-- WHAT YOU NEED TO DO --
Apart from the images, every record here needs to be copied exactly.

Captioned web images

--------------------------------

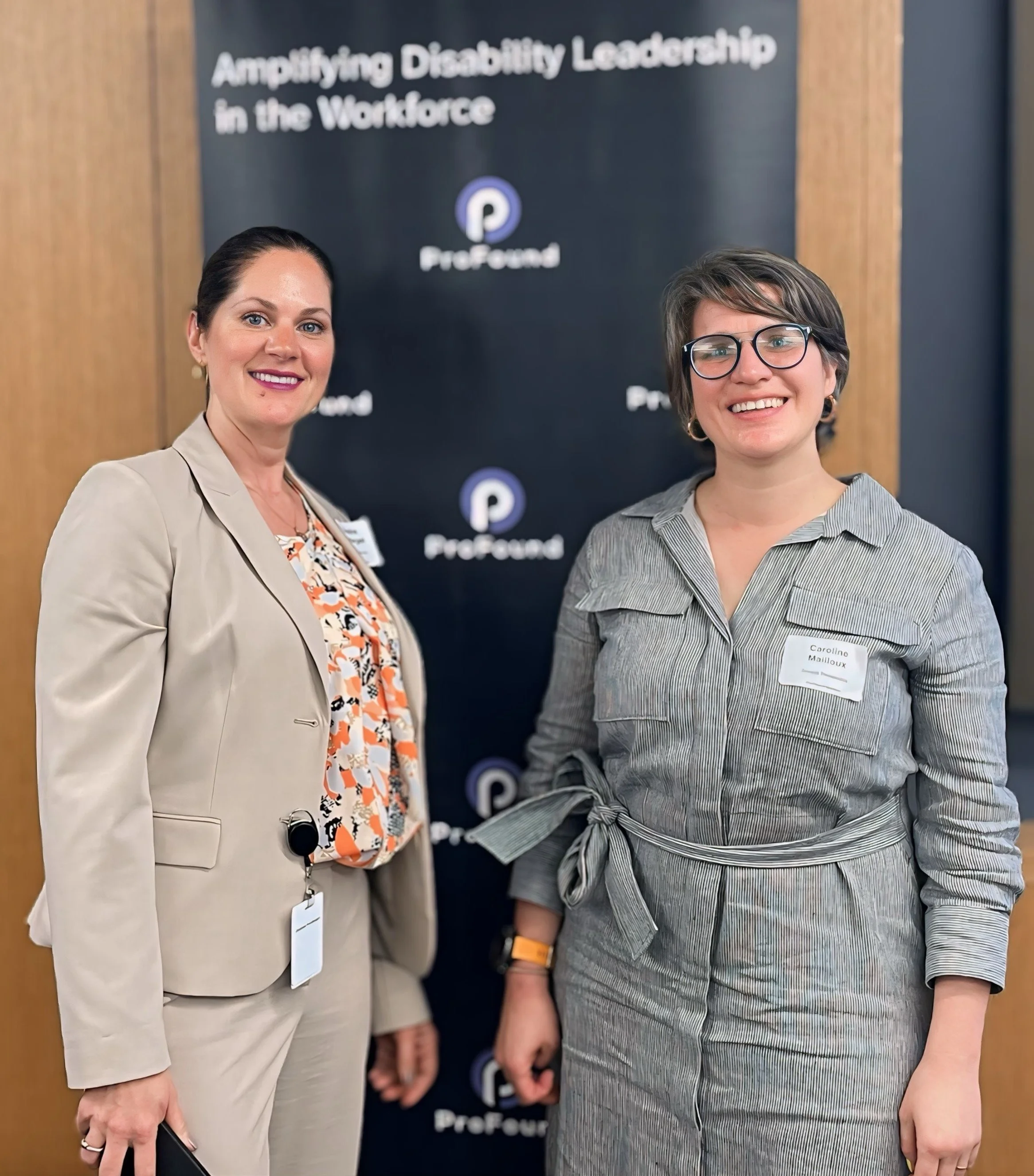Two women smiling in front of a ProFound banner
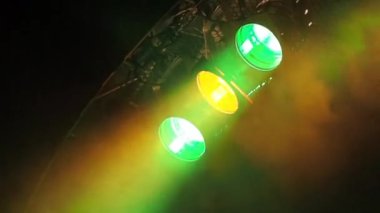 Sahne tavanının altındaki sisin içinde üç klasik sahne ışıkları yanıp sönüyor.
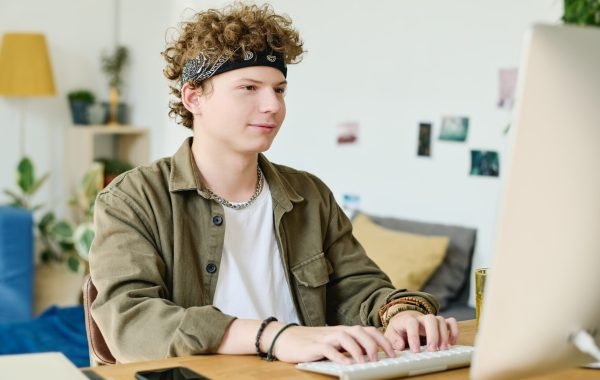 Youthful guy in casualwear looking through information on screen of desktop computer and typing on keyboard while sitting by desk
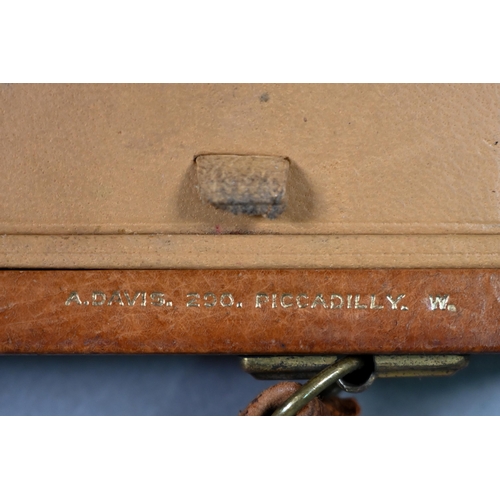 973 - A Davis of Piccadilly - a vintage tan leather vanity handbag, fully fitted with compartments includi... 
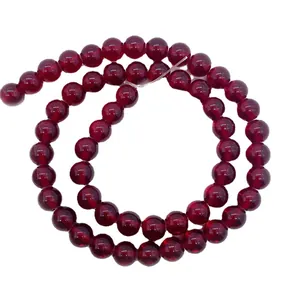 Polished dark red garnet round beads for DIY jewelry making on white background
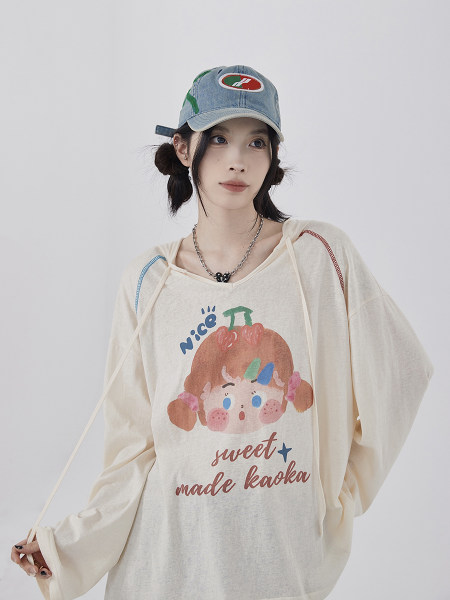 Model wearing an oversized graphic long-sleeve top and denim cap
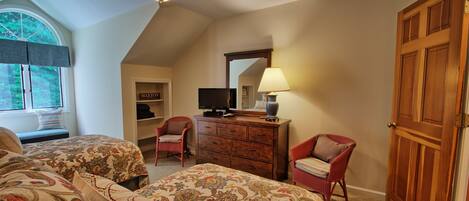 A bedroom with two beds, a ceiling fan, a dresser, a television, and a door.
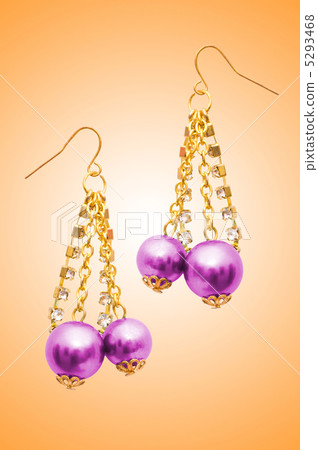 Jewellery concept with nice earrings Jewellery concept with nice earrings 5293468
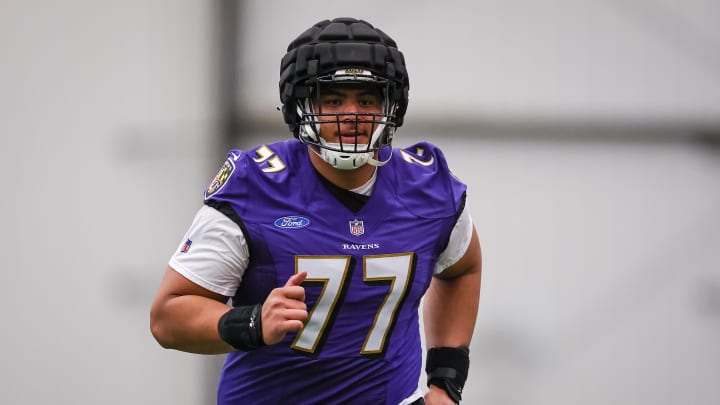 May 7, 2022; Owings Mills, MD, USA; Baltimore Ravens tackle Daniel Faalele (77) in action during rookie minicamp at Under Armour Performance Center. Mandatory Credit: Scott Taetsch-USA TODAY Sports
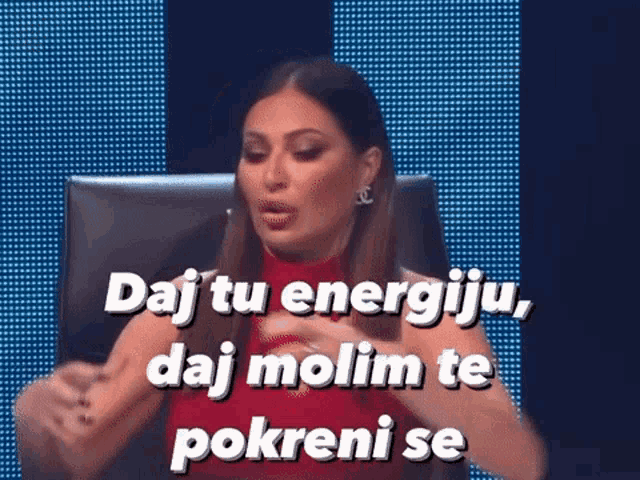 a woman in a red top is sitting in front of a computer screen with the words daj tu energiju daj molim te pokreni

--------------------------------

-- ANSWER SPACE --
Two women smiling in front of a ProFound banner
 Sahne tavanının altındaki sisin içinde üç klasik sahne ışıkları yanıp sönüyor.
 Youthful guy in casualwear looking through information on screen of desktop computer and typing on keyboard while sitting by desk
 973 - A Davis of Piccadilly - a vintage tan leather vanity handbag, fully fitted with compartments includi... 
 Polished dark red garnet round beads for DIY jewelry making on white background
 Model wearing an oversized graphic long-sleeve top and denim cap
 A bedroom with two beds, a ceiling fan, a dresser, a television, and a door.
 Jewellery concept with nice earrings Jewellery concept with nice earrings 5293468
 May 7, 2022; Owings Mills, MD, USA; Baltimore Ravens tackle Daniel Faalele (77) in action during rookie minicamp at Under Armour Performance Center. Mandatory Credit: Scott Taetsch-USA TODAY Sports
 a woman in a red top is sitting in front of a computer screen with the words daj tu energiju daj molim te pokreni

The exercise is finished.